BARACK OBAMA: The chicken crossed the road because it was time for a change! The chicken wanted change!
JOHN MC CAIN: My friends, that chicken crossed the road because he recognized the need to engage in cooperation and dialogue with all the chickens on the other side of the road...
SARAH PALIN: Because by golly, I was gonna shoot his sorry liberal but for blocking my view of Russia!
HILLARY CLINTON: When I was First Lady, I personally helped that little chicken to cross the road. This experience makes me uniquely qualified to ensure right from Day One that every chicken in this country gets the chance it deserves to cross the road. But then, this really isn't about me.
GEORGE W. BUSH: We don't really care why the chicken crossed the road. We just want to know if the chicken is on our side of the road, or not. The chicken is either against us, or for us. There is no middle ground here.
DICK CHENEY: Where's my gun?
COLIN POWELL: Now to the left of the screen, you can clearly see the satellite image of the chicken crossing the road.
BILL CLINTON: I did not cross the road with that chicken. What is your definition of crossing?
AL GORE: I invented the chicken.
JOHN KERRY: Although I voted to let the chicken cross the road, I am now against it! It was the wrong road to cross, and I was misled about the chicken's intentions. I am not for it now, and will remain against it.
AL SHARPTON: Why are all the chickens white? We need some black chickens.
DR. PHIL: The problem we have here is that this chicken won't realize that he must first deal with the problem on this side of the road before it goes after the problem on the otherside of the road. What we need to do is help him realize how stupid he's acting by not taking on his current problems before adding new problems.
OPRAH: Well, I understand that the chicken is having problems, which is why he wants to cross this road so bad. So instead of having the chicken learn from his mistakes and take falls, which is a part of life, I'm going to give this chicken a car so that he can just drive across the road and not live his life like the rest of the chickens.
ANDERSON COOPER, CNN: We have reason to believe there is a chicken, but we have not yet been allowed to have access to the other side of the road.
NANCY GRACE: That chicken crossed the road because he's guilty! You can see it in his eyes and the way he walks.
PAT BUCHANAN: To steal the job of a decent, hardworking American.
MARTHA STEWART: No one called me to warn me which way that chicken was going. I had a standing order at the Farmers Market to sell my eggs when the price dropped to a certain level. No little bird gave me any insider information.
DR SEUSS: Did the chicken cross the road? Did he cross it with a toad? Yes, the chicken crossed the road, but why it crossed I've not been told.
ERNEST HEMINGWAY: To die in the rain, alone.
JERRY FALWELL: Because the chicken was gay!
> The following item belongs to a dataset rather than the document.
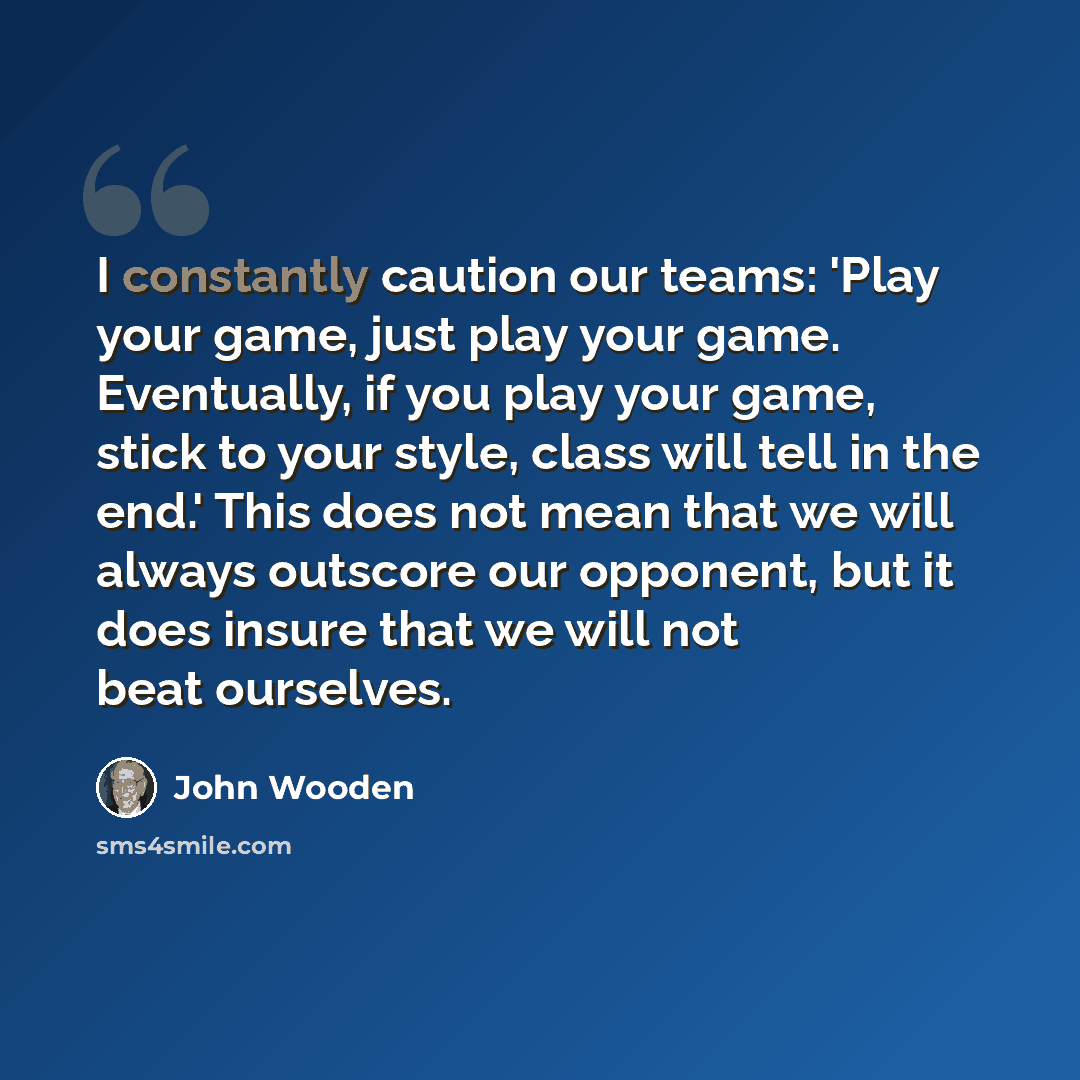 “I constantly caution our teams: 'Play your game, just play your game. Eventually, if you play your game, stick to your style, class will tell in the end.' This does not mean that we will always outscore our opponent, but it does insure that we will not beat ourselves.” quote by John Wooden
Can't you people see the plain truth? That's why they call it the other side. Yes, my friends, that chicken is gay. And if you eat that chicken, you will become gay, too. I say we boycott all chickens until we sort out this abomination that the liberal media whitewashes with seemingly harmless phrases like the other side. That chicken should not be crossing the road. It's as plain and as simple as that.
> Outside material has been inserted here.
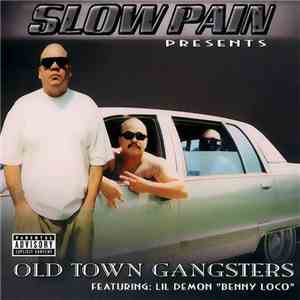 Slow Pain - Presents Old Town Gangsters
GRANDPA: In my day we didn't ask why the chicken crossed the road. Somebody told us the chicken crossed the road, and that was good enough. (In my day we didn't care why he crossed the road, we wondered if he was crossing to our side so we could eat him!//charrlie)
BARBARA WALTERS: Isn't that interesting? In a few moments, we will be listening to the chicken tell, for the first time, the heart warming story of how it experienced a serious case of molting, and went on to accomplish its lifelong dream of crossing the road.
ARISTOTLE: It is the nature of chickens to cross the road.
JOHN LENNON: Imagine all the chickens in the world crossing roads together, in peace.
BILL GATES: I have just released eChicken2008, which will not only cross roads, but will lay eggs, file your important documents, and balance your checkbook. Internet Explorer is an integral part of eChicken2008. This new platform is much more stable and will never crash.
ALBERT EINSTEIN: Did the chicken really cross the road, or did the road move beneath the chicken?
COLONEL SANDERS: Did I miss one?
(Credit to Theresa Hague for "sharing" this with me.)
Tuesday, April 28, 2009
Great deals!
Open to everyone:
Dell Outlet (http://www.dell.com/outlet)
Refurbished Dell computers, monitors, etc. Almost always free shipping, good warranties, and great prices. I just ordered a 17" LCD monitor on there for $84.18, including shipping and taxes.
Open to Minnesota residents:
MnKnows (http://www.mnknows.org)
A website full of library resources, including "Ask a Librarian" (open 24/7 for research questions, with a special option for college research papers), MnLINK (the statewide libraries collection), and Electronic Library of Minnesota (magazine and newspaper articles.) You may be asked for a Minnesota library card number if it doesn't detect that you're from Minnesota.
Open to college students:
The Ultimate Steal (http://www.microsoft.com/student/discounts/theultimatesteal-us/default.aspx)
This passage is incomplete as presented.